▶ **Problem details**
Your copy should repeat each record exactly and contain none of the pictures.
────
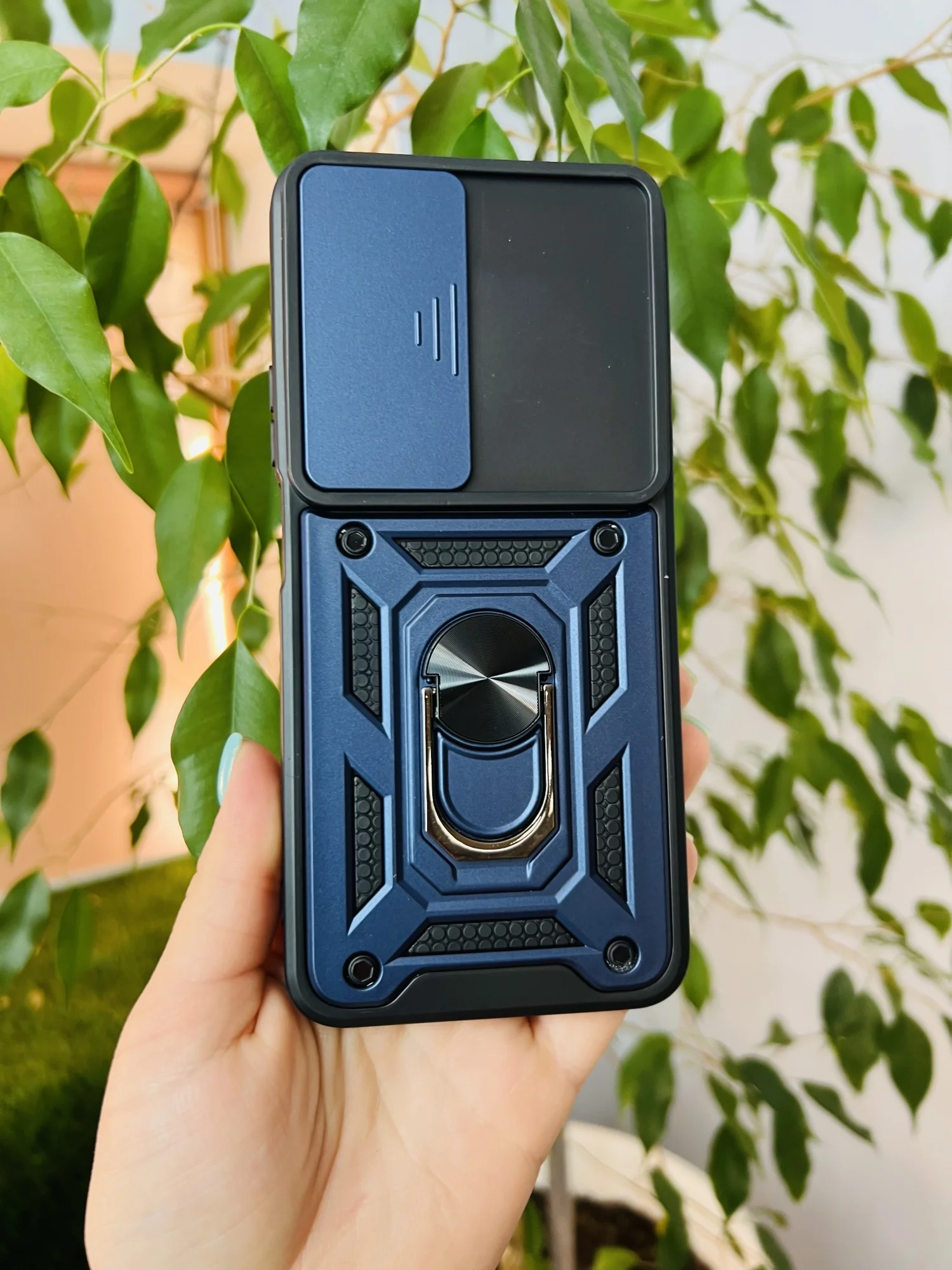 Темно-синий чехол противоударный armors для Honor X7B / Хонор Х7В с защитой камеры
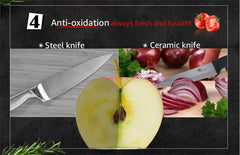 Ceramic Knives Kitchen Knives 3 4 5 6 inch Zirconia White Blade Multi-Color Cooking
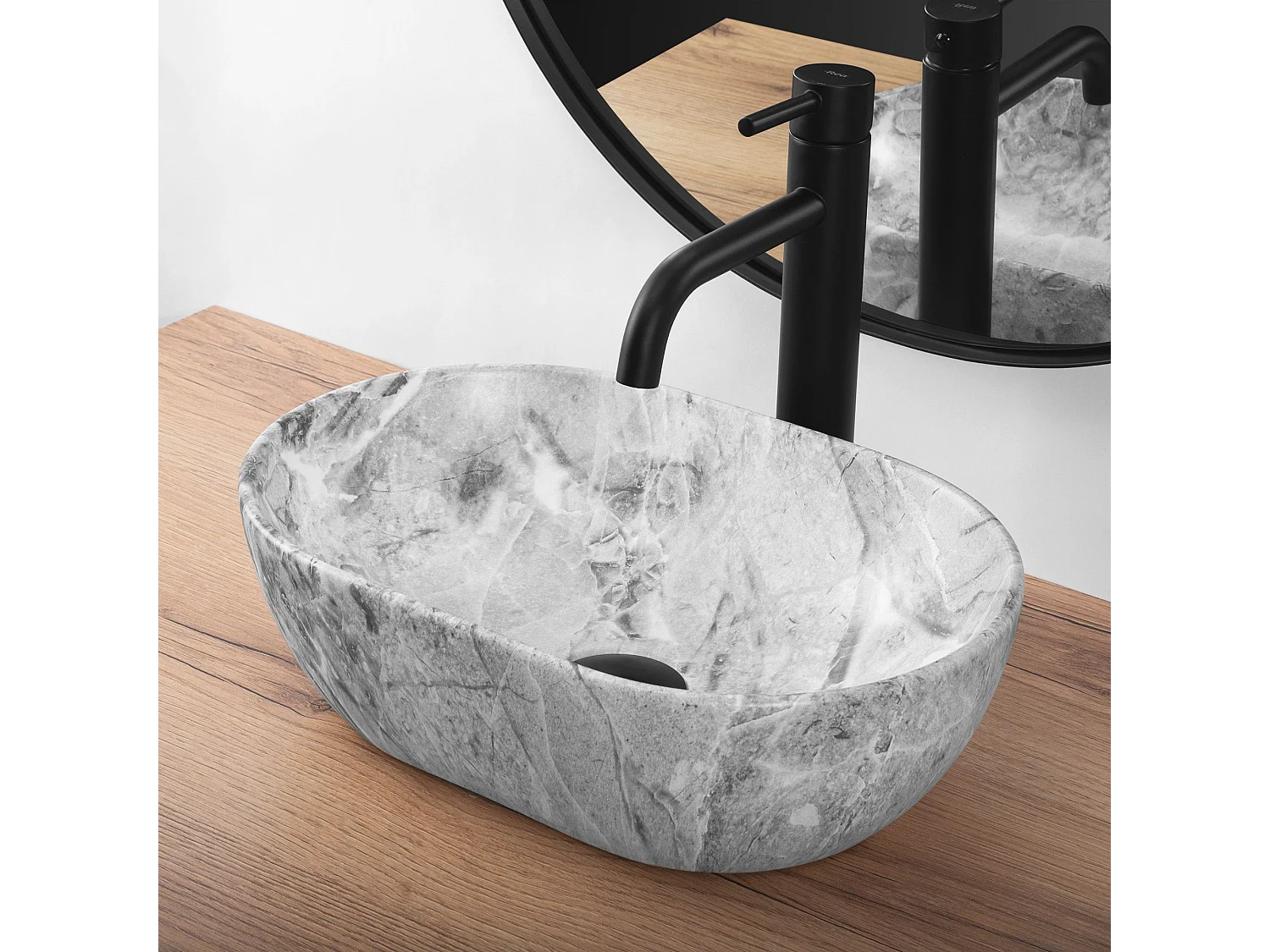 Vasque À Poser Rea Amelia Mini Light Grey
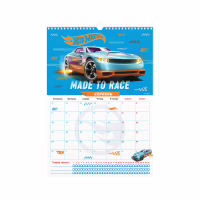 Календар Kite планер настінний Hot Wheels 2026 рік (HW26-440) - Image 9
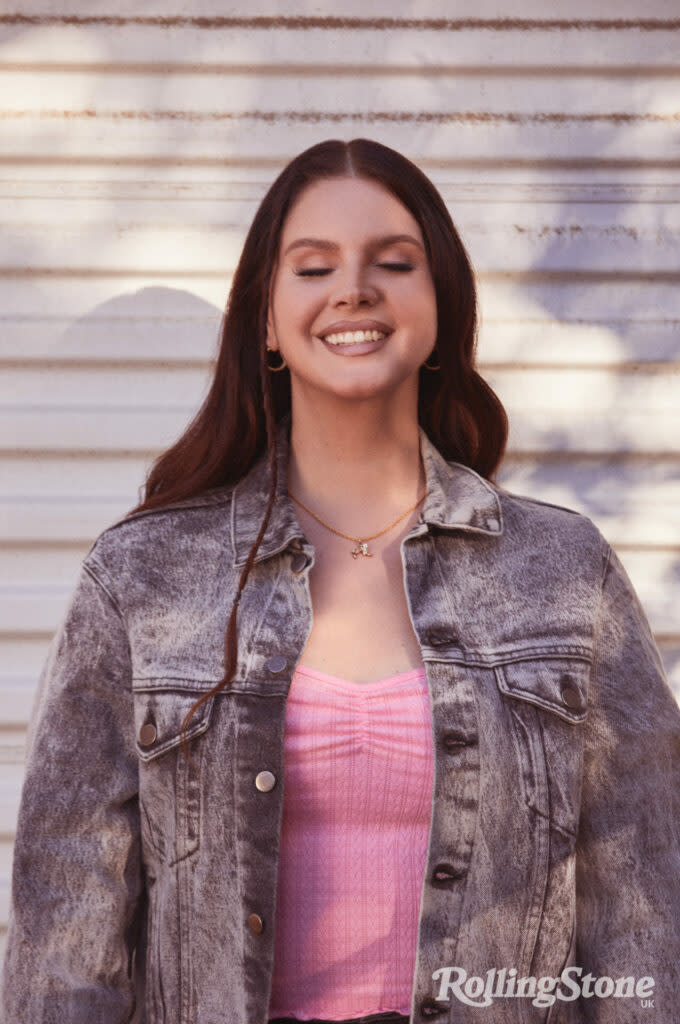 Lana wears jacket and top from Beyond Retro, shorts, stylist’s own, necklace and rings by Pawnshop London, earrings by Cece Jewellery (Picture: Chuck Grant. Styling: Joseph Kocharian)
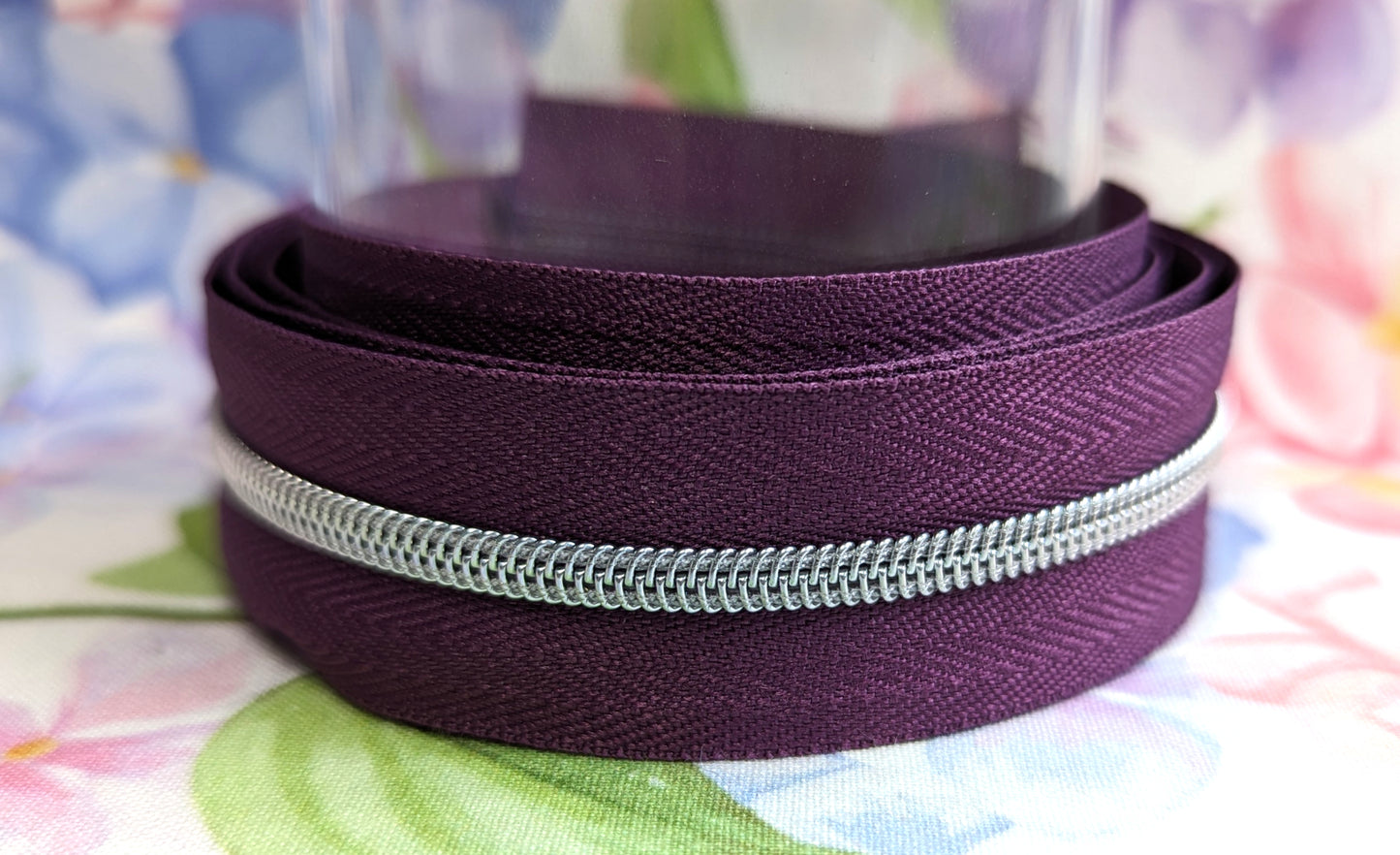 #3 Plum Zipper Tape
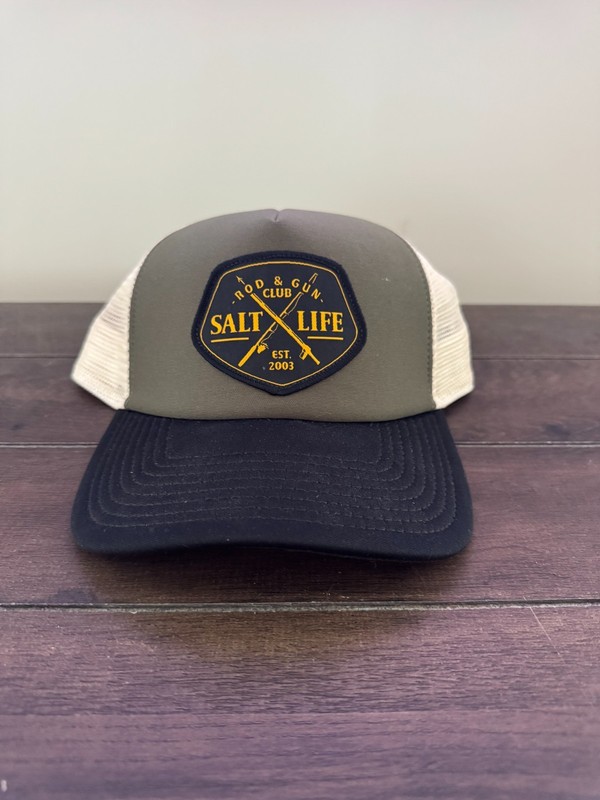 Salt Life Rod and Gun Trucker Snapback Hat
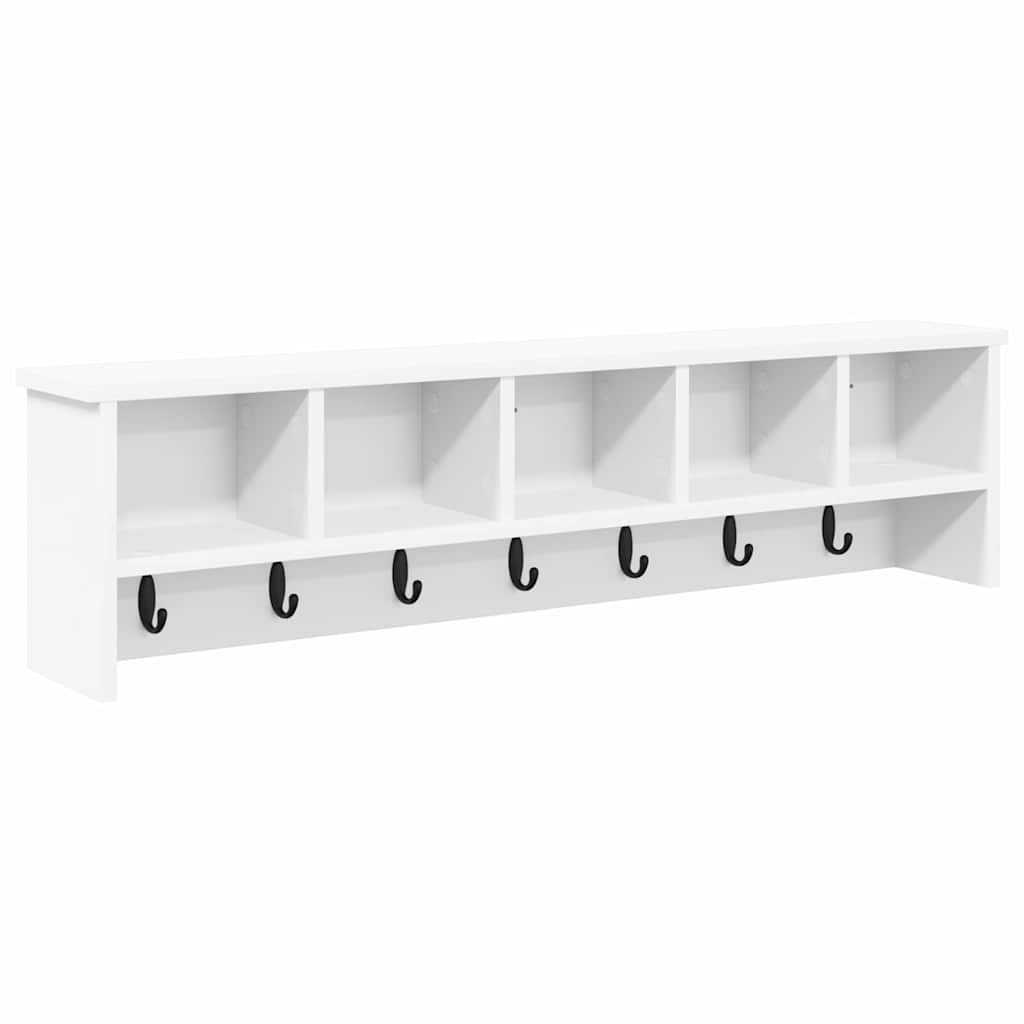 Perchero de pared 100 x 16 x 26 cm Madera de ingeniería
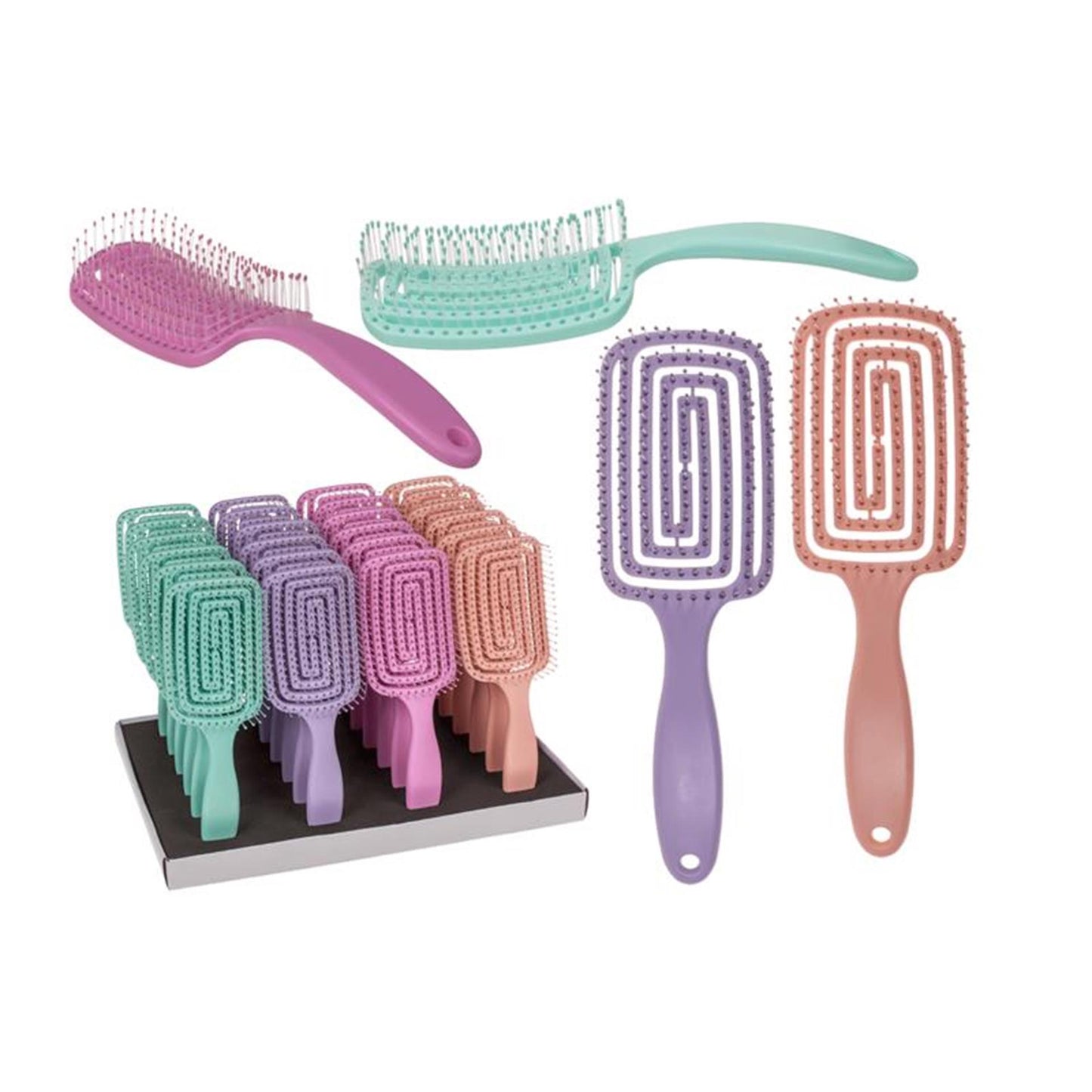 Spazzola per capelli flessibile Out of the Blue 23x10x2,5 cm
────
▶ **Expected output**
 Темно-синий чехол противоударный armors для Honor X7B / Хонор Х7В с защитой камеры
 Ceramic Knives Kitchen Knives 3 4 5 6 inch Zirconia White Blade Multi-Color Cooking
 Vasque À Poser Rea Amelia Mini Light Grey
 Календар Kite планер настінний Hot Wheels 2026 рік (HW26-440) - Image 9
 Lana wears jacket and top from Beyond Retro, shorts, stylist’s own, necklace and rings by Pawnshop London, earrings by Cece Jewellery (Picture: Chuck Grant. Styling: Joseph Kocharian)
 #3 Plum Zipper Tape
 Salt Life Rod and Gun Trucker Snapback Hat
 Perchero de pared 100 x 16 x 26 cm Madera de ingeniería
 Spazzola per capelli flessibile Out of the Blue 23x10x2,5 cm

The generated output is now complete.